From left, Emily Harrison, Reagan Abplanalp, and Samantha Allred react to Brad Wilcox's presentation during "Time Out for Girls" at the Salt Palace in Salt Lake City on Saturday, Nov. 19, 2011.
Kristin Murphy, Deseret News
SALT LAKE CITY — “American Idol” finalist Carmen Rasmusen saw what real beauty was — and wasn’t — when she went to Hollywood for Fox’s singing reality show and shared that with about 600 young women at the first Time Out for Girls in Salt Lake City on Saturday.
While the girls heard from Rasmusen, Deseret Book CEO Sheri Dew, seminary principal Anthony Sweat, Brigham Young University associate professor Brad Wilcox and the musical group Jericho Road, about 4,400 women were in a nearby hall at the concurrent Time Out for Women event on the last stop of this year’s “Choose to Become” tour.

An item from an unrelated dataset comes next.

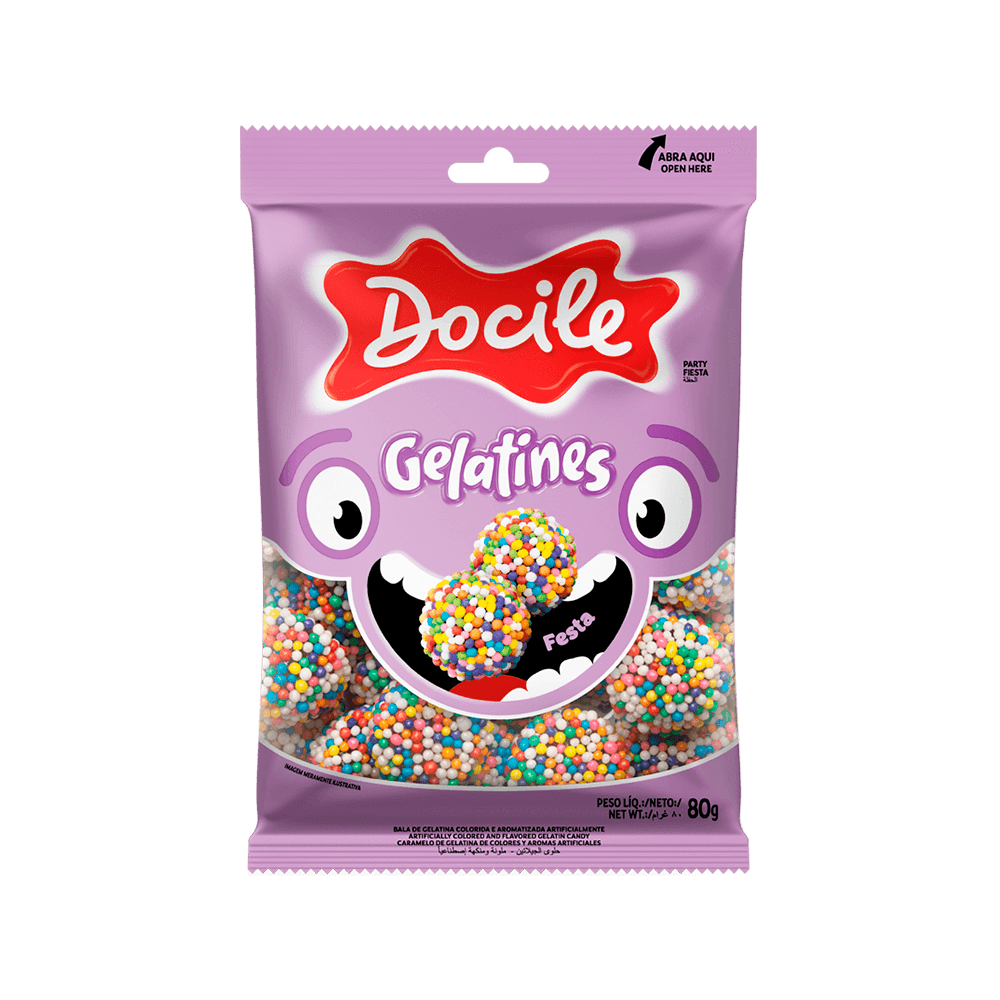 imagem de BALA DOCILE GELATINES 80G FESTA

The women on Saturday heard from author and Deseret Book editor Emily Watts, psychologist Wendy Ulrich, retired institute teacher S. Michael Wilcox and Deseret Book vice president Laurel Christensen. Blogger and plane crash survivor Stephanie Nielson also spoke due to a last-minute change in presenters.

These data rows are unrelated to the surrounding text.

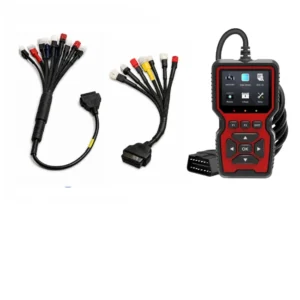 SMPL139 V519 OBD-ll Diagnostic Scanner with Multi Coupler 18 in 1 OBD-ll Base for BS6 / BS7 Scanning Cable for all Two Wheelar Bikes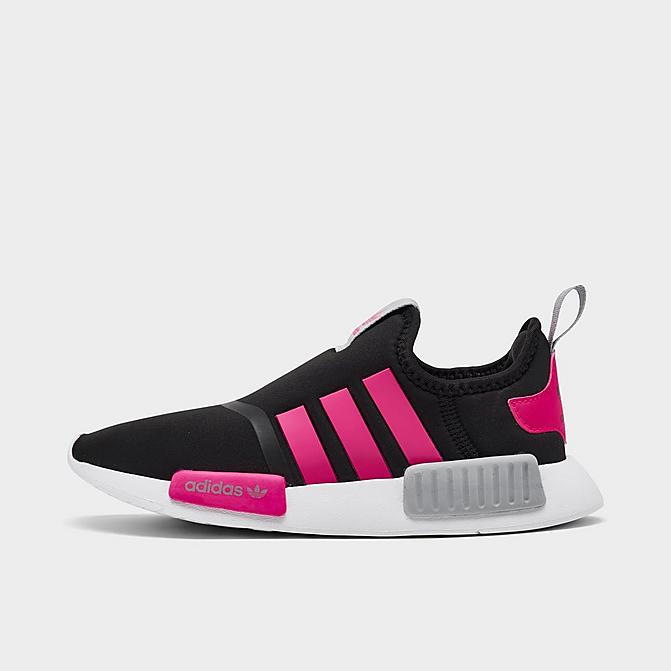 Right view of Girls' Little Kids' adidas Originals NMD 360 Casual Shoes in Black/Shock Pink/Halo Silver Click to zoom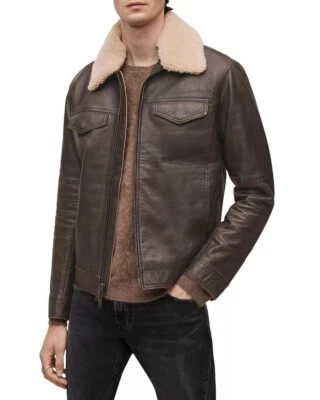 Chaqueta de cuero de camionero de piel de oveja moderna John Varvatos Branson EU48 US38 $898 NUEVA CON ETIQUETAS Foto 1 de 4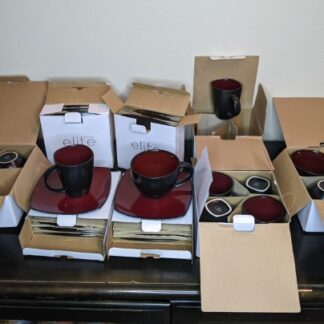 Lot # 121 - Gibson Elite Red Stonewear Dinnerware NIB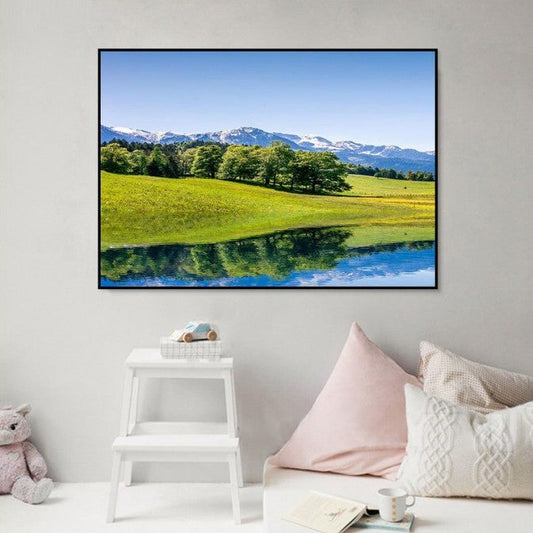 80x60CM-grassland blue sky and white clouds- DIY 5D full Diamond Painting NO FRAMED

Deseret Book’s Time Out for Women events are inspirational events targeted at women. This year, events were in nearly two dozen cities, including inaugural events in Australia and New Zealand and concurrent Time Out for Girls events in seven cities in the U.S. and Canada.
Time Out for Girls
There were two things Rasmusen wanted to change about herself physically when she was in middle school. The “American Idol” finalist wanted to have clear, clean skin and she wanted braces to fix her buck teeth — then she thought she could be happy. She had cut her hair short and with her tiny body, it made her look like a boy.
In high school, her skin had cleared up and she had had braces, but as a self-described late bloomer and someone who didn’t reach 100 pounds until her senior year of high school, she wanted to look like a girl.

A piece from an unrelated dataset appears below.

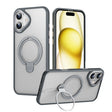 For iPhone 16 Double Ring MagSafe Magnetic Holder Phone Case(Matte Grey) - iPhone 16 Cases by PMC TechLife | Online Shopping South Africa | PMC TechLife | Buy Now Pay Later Mobicred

Then, for “American Idol” in 2003, she was transported to Hollywood and learned a thing or two about beauty.
“Anyone can look like a movie star,” she told several hundred girls at the Time Out for Girls event, while their moms were at the concurrent Time Out for Women event.
For every show, they would spend at least an hour to an hour and half in the stylist chair.
“You can enter the room looking one way and come out looking completely different,” she said.
But it takes more than makeup, cute shoes and jewelry to have more than physical beauty.